The story is unfortunately simple. In May 2020, the worker, a truck driver, noticed that he had lost his sense of smell while refueling his vehicle. He therefore took a test for COVID-19, which turned out positive. Claiming to have been the victim of an employment injury, the latter filed a complaint with the Commission des normes, de l’énergie, de la santé et de la sécurité du travail. This complaint was however refused and the refusal was confirmed by the administrative review. The Administrative Labor Tribunal (TAT) was then seized of the case.
In order to fully understand the terms used in the Act respecting industrial accidents and occupational diseases, the legislator defined various concepts in its article 2. Thus, the occupational injury constitutes an injury or illness which occurs as a result of or during a work accident or an occupational disease, while an work accident corresponds to an unforeseen and sudden event attributable to any cause arising out of or in connection with the work and which results in an employment injury.
The notion of“Unforeseen and sudden event” is not defined in law. The Court of Appeal, in Antenucci, however defined this concept as being “a fact which happens, a situation, precise in time, which materializes, by comparison with a circumstance which is a particularity accompanying this fact, this event or this situation”.

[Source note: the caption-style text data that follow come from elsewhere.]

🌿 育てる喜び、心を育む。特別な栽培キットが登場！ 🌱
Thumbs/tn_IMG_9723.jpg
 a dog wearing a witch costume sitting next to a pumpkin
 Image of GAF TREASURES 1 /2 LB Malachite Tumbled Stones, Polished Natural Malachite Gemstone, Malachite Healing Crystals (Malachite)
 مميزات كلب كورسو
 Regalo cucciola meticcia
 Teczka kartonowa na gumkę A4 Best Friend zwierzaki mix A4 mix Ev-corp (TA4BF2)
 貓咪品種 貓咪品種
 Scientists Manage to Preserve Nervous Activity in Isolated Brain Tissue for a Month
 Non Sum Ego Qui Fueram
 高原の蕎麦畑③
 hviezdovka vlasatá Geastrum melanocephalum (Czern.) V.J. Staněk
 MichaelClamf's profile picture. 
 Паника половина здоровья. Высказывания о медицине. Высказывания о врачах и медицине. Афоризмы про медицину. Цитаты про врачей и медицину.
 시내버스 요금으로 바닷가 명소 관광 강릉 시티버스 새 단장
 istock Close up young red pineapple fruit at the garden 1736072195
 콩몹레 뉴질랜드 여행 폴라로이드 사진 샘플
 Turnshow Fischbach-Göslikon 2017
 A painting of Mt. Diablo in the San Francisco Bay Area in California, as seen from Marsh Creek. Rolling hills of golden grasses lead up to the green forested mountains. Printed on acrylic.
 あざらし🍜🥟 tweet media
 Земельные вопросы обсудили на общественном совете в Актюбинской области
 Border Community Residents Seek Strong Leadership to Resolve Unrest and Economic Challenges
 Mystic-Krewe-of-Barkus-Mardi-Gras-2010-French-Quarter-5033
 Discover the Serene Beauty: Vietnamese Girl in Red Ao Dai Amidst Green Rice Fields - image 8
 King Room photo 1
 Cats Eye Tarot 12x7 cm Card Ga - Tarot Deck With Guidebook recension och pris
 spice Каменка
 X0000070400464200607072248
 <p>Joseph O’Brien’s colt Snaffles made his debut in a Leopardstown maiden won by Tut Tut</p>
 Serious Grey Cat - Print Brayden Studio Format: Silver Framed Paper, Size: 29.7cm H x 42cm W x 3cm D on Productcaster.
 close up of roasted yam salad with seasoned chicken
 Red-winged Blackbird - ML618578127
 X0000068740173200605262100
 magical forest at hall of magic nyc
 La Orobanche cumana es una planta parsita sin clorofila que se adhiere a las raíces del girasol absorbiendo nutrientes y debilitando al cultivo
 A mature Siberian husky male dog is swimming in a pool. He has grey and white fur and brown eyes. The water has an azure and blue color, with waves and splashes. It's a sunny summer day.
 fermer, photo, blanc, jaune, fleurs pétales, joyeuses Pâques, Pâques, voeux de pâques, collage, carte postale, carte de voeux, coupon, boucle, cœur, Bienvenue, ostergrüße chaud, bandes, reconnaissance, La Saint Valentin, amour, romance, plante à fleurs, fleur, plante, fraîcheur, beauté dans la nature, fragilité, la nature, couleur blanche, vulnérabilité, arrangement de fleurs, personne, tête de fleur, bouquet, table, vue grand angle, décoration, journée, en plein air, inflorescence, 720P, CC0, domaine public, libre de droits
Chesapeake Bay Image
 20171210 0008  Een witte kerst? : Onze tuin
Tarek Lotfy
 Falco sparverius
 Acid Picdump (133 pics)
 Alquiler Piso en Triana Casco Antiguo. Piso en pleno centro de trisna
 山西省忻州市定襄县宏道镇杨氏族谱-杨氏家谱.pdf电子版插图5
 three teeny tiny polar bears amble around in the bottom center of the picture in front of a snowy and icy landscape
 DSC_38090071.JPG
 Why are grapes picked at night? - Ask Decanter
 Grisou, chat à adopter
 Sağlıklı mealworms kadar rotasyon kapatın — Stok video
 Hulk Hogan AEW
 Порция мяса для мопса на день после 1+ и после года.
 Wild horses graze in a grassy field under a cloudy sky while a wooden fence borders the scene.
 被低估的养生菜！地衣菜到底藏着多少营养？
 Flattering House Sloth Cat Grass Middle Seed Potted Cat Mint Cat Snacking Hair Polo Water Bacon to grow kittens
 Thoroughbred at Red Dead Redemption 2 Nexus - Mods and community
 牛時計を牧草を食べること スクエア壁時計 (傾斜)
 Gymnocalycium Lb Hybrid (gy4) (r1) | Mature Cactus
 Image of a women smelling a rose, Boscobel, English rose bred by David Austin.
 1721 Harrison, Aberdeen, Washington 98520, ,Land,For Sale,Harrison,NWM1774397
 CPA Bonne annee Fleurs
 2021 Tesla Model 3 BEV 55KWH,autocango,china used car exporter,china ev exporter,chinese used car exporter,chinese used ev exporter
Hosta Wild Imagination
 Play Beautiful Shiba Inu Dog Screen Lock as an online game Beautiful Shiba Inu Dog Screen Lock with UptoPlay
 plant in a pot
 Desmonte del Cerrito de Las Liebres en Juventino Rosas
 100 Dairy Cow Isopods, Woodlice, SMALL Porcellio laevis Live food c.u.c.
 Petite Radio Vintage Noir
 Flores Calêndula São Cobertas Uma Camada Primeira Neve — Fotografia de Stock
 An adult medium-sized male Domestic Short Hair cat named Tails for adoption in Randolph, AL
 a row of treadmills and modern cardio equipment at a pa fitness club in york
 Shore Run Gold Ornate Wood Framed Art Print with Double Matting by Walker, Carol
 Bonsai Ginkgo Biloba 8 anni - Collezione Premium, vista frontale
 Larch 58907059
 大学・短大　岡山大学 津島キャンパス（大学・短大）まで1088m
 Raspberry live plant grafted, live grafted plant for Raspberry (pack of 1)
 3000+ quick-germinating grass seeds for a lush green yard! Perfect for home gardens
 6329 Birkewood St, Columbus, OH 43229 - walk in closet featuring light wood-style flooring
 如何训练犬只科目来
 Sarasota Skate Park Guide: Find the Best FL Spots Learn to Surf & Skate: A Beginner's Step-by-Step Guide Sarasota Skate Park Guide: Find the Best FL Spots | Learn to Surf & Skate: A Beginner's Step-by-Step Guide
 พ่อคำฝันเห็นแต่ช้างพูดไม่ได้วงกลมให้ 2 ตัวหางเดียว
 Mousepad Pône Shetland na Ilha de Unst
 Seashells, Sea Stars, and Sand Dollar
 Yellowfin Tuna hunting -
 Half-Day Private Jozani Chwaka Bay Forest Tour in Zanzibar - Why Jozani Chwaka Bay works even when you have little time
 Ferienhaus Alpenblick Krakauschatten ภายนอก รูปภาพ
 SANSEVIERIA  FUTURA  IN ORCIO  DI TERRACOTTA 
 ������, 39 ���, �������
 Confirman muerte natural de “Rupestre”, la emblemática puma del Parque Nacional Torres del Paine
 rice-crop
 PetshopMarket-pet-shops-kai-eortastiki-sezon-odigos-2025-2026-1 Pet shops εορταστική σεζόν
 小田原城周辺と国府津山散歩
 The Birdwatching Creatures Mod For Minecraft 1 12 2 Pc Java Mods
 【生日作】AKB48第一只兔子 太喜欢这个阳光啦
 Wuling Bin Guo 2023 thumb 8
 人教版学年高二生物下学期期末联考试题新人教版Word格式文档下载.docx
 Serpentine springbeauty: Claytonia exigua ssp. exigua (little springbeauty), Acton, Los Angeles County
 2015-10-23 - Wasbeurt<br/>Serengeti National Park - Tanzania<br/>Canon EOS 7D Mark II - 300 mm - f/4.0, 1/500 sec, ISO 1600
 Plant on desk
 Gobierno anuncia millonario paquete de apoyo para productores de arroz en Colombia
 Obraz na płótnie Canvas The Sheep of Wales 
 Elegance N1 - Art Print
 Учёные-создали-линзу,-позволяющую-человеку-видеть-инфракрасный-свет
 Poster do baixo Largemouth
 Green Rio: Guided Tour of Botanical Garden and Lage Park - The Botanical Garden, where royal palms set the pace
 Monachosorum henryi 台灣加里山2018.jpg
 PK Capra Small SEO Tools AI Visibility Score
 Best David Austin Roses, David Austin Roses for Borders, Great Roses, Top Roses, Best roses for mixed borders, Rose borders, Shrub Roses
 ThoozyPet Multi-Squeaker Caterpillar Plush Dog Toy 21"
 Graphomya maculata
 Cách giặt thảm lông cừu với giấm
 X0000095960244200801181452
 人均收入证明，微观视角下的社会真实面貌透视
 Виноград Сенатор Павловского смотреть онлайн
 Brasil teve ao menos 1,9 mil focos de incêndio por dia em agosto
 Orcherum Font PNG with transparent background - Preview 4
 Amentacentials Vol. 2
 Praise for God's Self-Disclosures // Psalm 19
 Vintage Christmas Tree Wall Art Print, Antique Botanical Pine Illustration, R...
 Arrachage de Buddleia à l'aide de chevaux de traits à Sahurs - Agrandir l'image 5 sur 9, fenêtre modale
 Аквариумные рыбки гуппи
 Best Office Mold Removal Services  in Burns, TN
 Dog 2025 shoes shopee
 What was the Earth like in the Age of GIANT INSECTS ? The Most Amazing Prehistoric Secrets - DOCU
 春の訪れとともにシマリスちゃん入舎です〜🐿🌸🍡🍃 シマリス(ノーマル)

From the outset, an infection linked to the COVID-19 virus is a disease and the Tribunal recognizes that having been in contact with a virus can constitute, depending on the circumstances, an unforeseen and sudden event. But one question remains: was this disease contracted through or during work?
During his testimony, the worker explained that, in the course of his work duties, he was often in confined spaces, where it was impossible to maintain the required distance. This was the case, in particular, when he went to the dispatcher’s office, to the foremen’s office or to the warehouse. This element is also confirmed by the employer’s occupational health and safety manager. In May 2020, 5 employees working in the warehouse were infected with COVID-19 and the worker claimed to have had close contact, in the course of his tasks, with each of them, and more particularly with an employee who contracted the virus 1 week before him.
In Desgagnés, the Tribunal has already determined that it does not have to determine the precise moment of the contagion, but rather whether the infection in question was acquired, more likely, in the workplace. In this case, the worker stated that he had been in strict isolation, having had no contact outside his workplace, and this evidence was not contradicted.
In these circumstances, the TAT concluded that the latter had been exposed to the COVID-19 virus in the course of his work, that it was an unforeseen and sudden event and that the worker had thus suffered an occupational injury.
A first decision, but probably not the last
This decision is effectively the first decision of the TAT that recognizes exposure to COVID-19 as an unforeseen and sudden event, but, since this case is certainly not an isolated case, other decisions will likely be. made about it. It will then be interesting to analyze the judgments of the TAT in this regard.
- Lamarche et Consolidated Fastfrate inc. (TAT, 2021-09-23 (decision corrected on 2021-09-30)), 2021 QCTAT 4580, SOQUIJ AZ-51796048. As of the date of broadcast, the decision had not been reviewed or appealed for judicial review.
- Antenucci c. Canada Steamship Lines Inc. (C.A., 1991-04-16), SOQUIJ AZ-91011480, J.E. 91-747, D.T.E. 91T-446,  RJQ 968. Motion for leave to appeal to the Supreme Court dismissed (CS Can., 1991-11-07), 22509.
- Desgagné and Saguenay – Lac-Saint-Jean Integrated University Health and Social Services Center (Regional Public Health Department), (TAT, 2019-10-25), 2019 QCTAT 4771, SOQUIJ AZ-51640012, 2019EXPT-2398.